No Limits to ‘Jugaad’

Jugaad Time: Ecologies of Everyday Hacking in India by Amit S Rai, Durham and London: Duke University Press, 2019; pp xix + 208, US $24.95/UK £19.99 (pb); $94.95/ £79.00 (library cloth).

The word “jugaad” evokes images of improvised contraptions and their varied quixotic and unforeseen usages, such as a very basic washing machine that is used to make lassi in Punjab, or a bicycle commonly used for the mechanised sharpening of knives in the city lanes by full-time professionals. But, this small book is devoted to the hi-tech version of jugaad in the electronic and digital realms, often considered as less open to the wily manoeuvrings of the innovative folk.
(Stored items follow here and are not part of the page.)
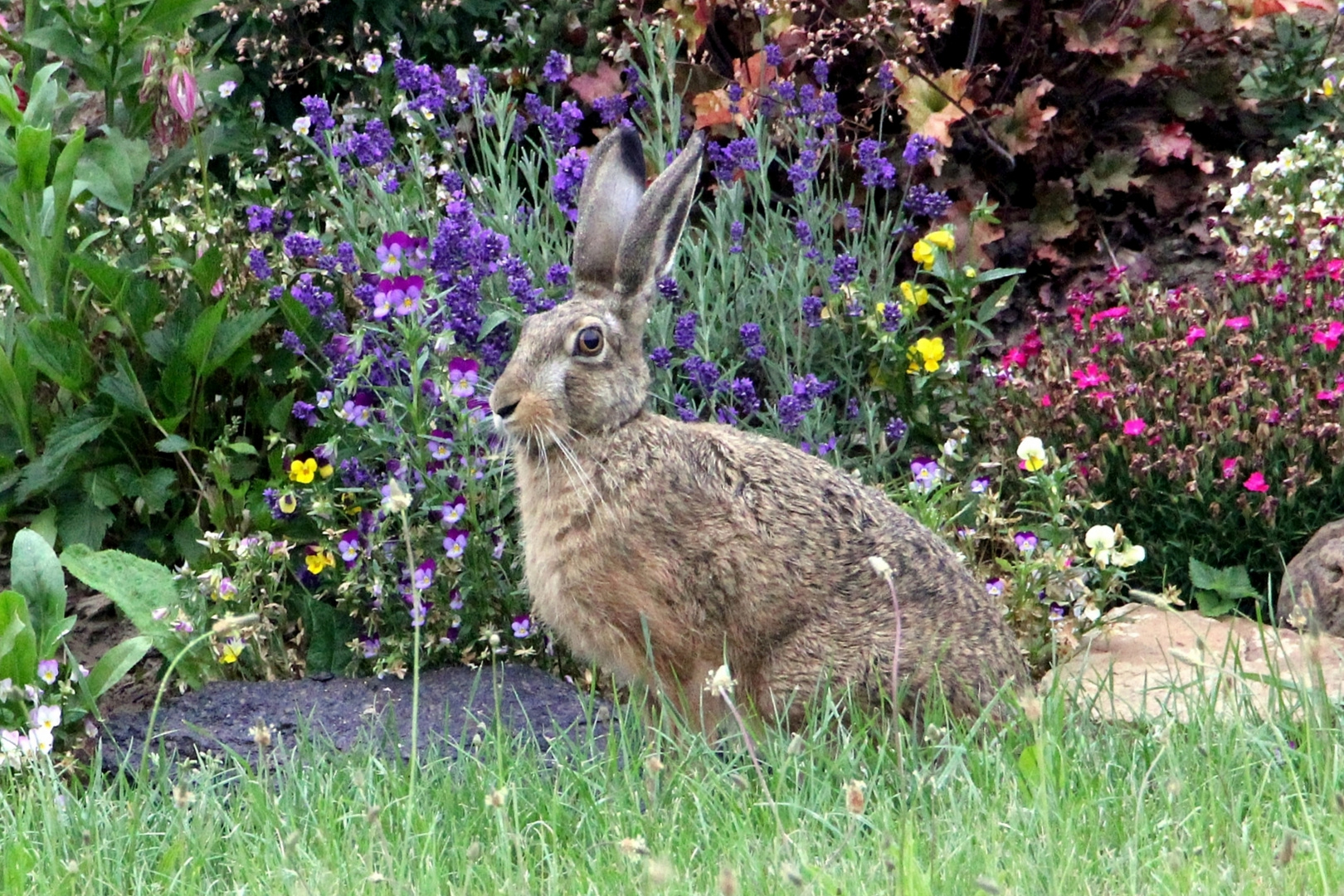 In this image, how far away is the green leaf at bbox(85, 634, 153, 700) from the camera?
454 cm

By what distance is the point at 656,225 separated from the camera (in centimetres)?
438

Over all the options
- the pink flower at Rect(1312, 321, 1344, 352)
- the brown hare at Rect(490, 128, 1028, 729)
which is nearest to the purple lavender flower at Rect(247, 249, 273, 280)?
the brown hare at Rect(490, 128, 1028, 729)

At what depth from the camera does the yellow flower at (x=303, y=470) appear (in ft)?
17.0

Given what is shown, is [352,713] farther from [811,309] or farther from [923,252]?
[923,252]

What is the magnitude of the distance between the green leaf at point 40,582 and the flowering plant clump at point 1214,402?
319 cm

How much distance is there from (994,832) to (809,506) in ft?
4.36

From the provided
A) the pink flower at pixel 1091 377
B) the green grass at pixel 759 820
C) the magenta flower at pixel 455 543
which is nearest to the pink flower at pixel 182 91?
the magenta flower at pixel 455 543

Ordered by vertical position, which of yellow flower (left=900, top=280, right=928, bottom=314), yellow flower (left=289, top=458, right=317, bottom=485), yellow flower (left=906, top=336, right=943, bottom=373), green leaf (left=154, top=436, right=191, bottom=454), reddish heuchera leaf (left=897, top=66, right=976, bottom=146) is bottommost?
yellow flower (left=289, top=458, right=317, bottom=485)

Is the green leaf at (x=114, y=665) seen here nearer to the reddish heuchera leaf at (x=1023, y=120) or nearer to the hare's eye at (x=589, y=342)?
the hare's eye at (x=589, y=342)

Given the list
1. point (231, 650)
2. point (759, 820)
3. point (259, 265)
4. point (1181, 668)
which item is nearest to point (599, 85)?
point (259, 265)

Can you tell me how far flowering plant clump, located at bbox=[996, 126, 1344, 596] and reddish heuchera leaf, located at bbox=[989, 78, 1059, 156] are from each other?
81 centimetres

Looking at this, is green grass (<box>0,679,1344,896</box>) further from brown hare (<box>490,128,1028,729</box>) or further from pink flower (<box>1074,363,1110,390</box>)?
pink flower (<box>1074,363,1110,390</box>)

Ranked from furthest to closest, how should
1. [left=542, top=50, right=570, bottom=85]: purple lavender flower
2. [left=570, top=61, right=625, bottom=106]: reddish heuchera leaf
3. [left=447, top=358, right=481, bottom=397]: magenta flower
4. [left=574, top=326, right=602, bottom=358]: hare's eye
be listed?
[left=570, top=61, right=625, bottom=106]: reddish heuchera leaf, [left=542, top=50, right=570, bottom=85]: purple lavender flower, [left=447, top=358, right=481, bottom=397]: magenta flower, [left=574, top=326, right=602, bottom=358]: hare's eye

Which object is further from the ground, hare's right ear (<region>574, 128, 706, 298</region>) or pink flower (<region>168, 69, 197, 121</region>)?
pink flower (<region>168, 69, 197, 121</region>) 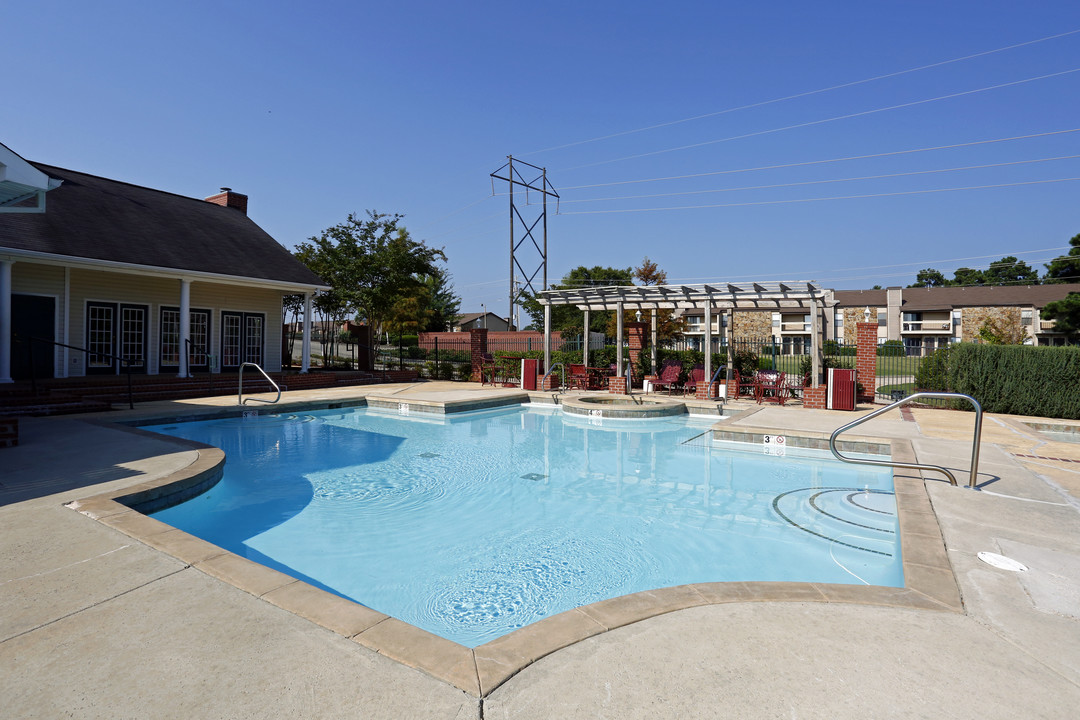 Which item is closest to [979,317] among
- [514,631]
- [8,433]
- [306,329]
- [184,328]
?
[306,329]

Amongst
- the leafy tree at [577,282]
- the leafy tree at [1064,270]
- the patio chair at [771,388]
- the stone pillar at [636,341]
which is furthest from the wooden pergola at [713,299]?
the leafy tree at [1064,270]

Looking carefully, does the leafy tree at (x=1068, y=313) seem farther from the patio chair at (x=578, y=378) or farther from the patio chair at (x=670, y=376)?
the patio chair at (x=578, y=378)

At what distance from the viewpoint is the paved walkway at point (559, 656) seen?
2.04 meters

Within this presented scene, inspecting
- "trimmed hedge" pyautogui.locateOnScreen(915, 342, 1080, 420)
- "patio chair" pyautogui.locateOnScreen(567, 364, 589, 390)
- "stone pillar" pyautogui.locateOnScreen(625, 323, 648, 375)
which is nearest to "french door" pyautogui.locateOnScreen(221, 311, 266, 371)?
"patio chair" pyautogui.locateOnScreen(567, 364, 589, 390)

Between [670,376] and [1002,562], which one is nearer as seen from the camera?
[1002,562]

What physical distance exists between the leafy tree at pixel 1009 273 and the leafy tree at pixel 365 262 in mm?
77242

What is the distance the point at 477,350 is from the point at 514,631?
1772 centimetres

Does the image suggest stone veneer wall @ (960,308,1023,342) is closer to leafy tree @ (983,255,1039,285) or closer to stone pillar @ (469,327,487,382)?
leafy tree @ (983,255,1039,285)

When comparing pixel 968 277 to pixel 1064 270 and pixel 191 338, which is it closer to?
pixel 1064 270

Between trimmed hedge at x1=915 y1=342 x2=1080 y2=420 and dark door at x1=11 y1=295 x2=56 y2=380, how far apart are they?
69.6ft

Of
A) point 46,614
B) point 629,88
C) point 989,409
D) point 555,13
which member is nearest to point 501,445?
point 46,614

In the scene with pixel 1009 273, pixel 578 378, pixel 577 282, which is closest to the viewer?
pixel 578 378

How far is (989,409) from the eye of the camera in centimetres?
1246

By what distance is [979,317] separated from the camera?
163 feet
The jugaad practitioners find new ways of mastering and wielding new technologies generally thought to be rather unyielding to the lay users. The work may well be the first attempt at a systematic ethnography in the field covering a number of cities and sites in the country, such as Delhi and Mumbai. Unlike the business and management-oriented works on the subject that are based on synoptic case studies, the work tries to seek insights into the very life-world of jugaad by “entering the minds” of its practitioners through the “ecologies of everyday hacking,” rather than providing a flat description of the vast range of jugaad practices as a mere technical inventory of micro and macro innovations. It does that chapter to chapter turning from one kind of terrain to another.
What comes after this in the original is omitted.